> Records supplied
%%
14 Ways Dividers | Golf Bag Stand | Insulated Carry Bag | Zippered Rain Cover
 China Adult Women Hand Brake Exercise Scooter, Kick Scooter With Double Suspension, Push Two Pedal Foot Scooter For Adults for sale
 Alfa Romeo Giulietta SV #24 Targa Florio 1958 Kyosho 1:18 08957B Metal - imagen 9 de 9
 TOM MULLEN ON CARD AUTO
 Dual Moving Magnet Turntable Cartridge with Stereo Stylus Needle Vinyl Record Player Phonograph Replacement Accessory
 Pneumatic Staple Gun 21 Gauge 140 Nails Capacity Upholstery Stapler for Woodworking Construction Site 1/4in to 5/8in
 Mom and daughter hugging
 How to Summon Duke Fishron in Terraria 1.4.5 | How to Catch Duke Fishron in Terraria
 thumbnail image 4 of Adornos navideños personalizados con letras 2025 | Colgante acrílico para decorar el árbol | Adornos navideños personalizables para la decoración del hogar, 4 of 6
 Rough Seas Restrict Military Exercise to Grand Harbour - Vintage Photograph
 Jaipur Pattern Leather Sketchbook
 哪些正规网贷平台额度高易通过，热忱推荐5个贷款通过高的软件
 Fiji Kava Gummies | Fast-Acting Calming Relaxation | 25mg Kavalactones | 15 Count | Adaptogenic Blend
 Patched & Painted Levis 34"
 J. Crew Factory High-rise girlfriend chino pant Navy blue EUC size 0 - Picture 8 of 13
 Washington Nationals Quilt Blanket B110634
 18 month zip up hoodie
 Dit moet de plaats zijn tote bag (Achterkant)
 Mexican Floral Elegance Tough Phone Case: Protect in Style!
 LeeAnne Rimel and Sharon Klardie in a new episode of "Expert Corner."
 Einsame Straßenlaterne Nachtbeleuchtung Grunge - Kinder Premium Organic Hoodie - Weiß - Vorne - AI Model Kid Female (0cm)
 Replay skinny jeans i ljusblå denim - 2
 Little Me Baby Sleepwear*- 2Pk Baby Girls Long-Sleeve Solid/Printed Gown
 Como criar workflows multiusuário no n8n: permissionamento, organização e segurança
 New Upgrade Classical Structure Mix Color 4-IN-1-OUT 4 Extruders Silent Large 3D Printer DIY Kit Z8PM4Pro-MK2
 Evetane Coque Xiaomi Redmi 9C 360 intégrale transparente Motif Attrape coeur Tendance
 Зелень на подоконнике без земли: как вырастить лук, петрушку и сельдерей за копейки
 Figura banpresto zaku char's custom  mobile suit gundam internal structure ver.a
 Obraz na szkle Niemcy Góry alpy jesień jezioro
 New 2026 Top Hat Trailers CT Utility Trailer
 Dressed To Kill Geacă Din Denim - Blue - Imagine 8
%%
> Exercise directions
Write out each record exactly, without addition or omission.

> Solved exercise
14 Ways Dividers | Golf Bag Stand | Insulated Carry Bag | Zippered Rain Cover
 China Adult Women Hand Brake Exercise Scooter, Kick Scooter With Double Suspension, Push Two Pedal Foot Scooter For Adults for sale
 Alfa Romeo Giulietta SV #24 Targa Florio 1958 Kyosho 1:18 08957B Metal - imagen 9 de 9
 TOM MULLEN ON CARD AUTO
 Dual Moving Magnet Turntable Cartridge with Stereo Stylus Needle Vinyl Record Player Phonograph Replacement Accessory
 Pneumatic Staple Gun 21 Gauge 140 Nails Capacity Upholstery Stapler for Woodworking Construction Site 1/4in to 5/8in
 Mom and daughter hugging
 How to Summon Duke Fishron in Terraria 1.4.5 | How to Catch Duke Fishron in Terraria
 thumbnail image 4 of Adornos navideños personalizados con letras 2025 | Colgante acrílico para decorar el árbol | Adornos navideños personalizables para la decoración del hogar, 4 of 6
 Rough Seas Restrict Military Exercise to Grand Harbour - Vintage Photograph
 Jaipur Pattern Leather Sketchbook
 哪些正规网贷平台额度高易通过，热忱推荐5个贷款通过高的软件
 Fiji Kava Gummies | Fast-Acting Calming Relaxation | 25mg Kavalactones | 15 Count | Adaptogenic Blend
 Patched & Painted Levis 34"
 J. Crew Factory High-rise girlfriend chino pant Navy blue EUC size 0 - Picture 8 of 13
 Washington Nationals Quilt Blanket B110634
 18 month zip up hoodie
 Dit moet de plaats zijn tote bag (Achterkant)
 Mexican Floral Elegance Tough Phone Case: Protect in Style!
 LeeAnne Rimel and Sharon Klardie in a new episode of "Expert Corner."
 Einsame Straßenlaterne Nachtbeleuchtung Grunge - Kinder Premium Organic Hoodie - Weiß - Vorne - AI Model Kid Female (0cm)
 Replay skinny jeans i ljusblå denim - 2
 Little Me Baby Sleepwear*- 2Pk Baby Girls Long-Sleeve Solid/Printed Gown
 Como criar workflows multiusuário no n8n: permissionamento, organização e segurança
 New Upgrade Classical Structure Mix Color 4-IN-1-OUT 4 Extruders Silent Large 3D Printer DIY Kit Z8PM4Pro-MK2
 Evetane Coque Xiaomi Redmi 9C 360 intégrale transparente Motif Attrape coeur Tendance
 Зелень на подоконнике без земли: как вырастить лук, петрушку и сельдерей за копейки
 Figura banpresto zaku char's custom  mobile suit gundam internal structure ver.a
 Obraz na szkle Niemcy Góry alpy jesień jezioro
 New 2026 Top Hat Trailers CT Utility Trailer
 Dressed To Kill Geacă Din Denim - Blue - Imagine 8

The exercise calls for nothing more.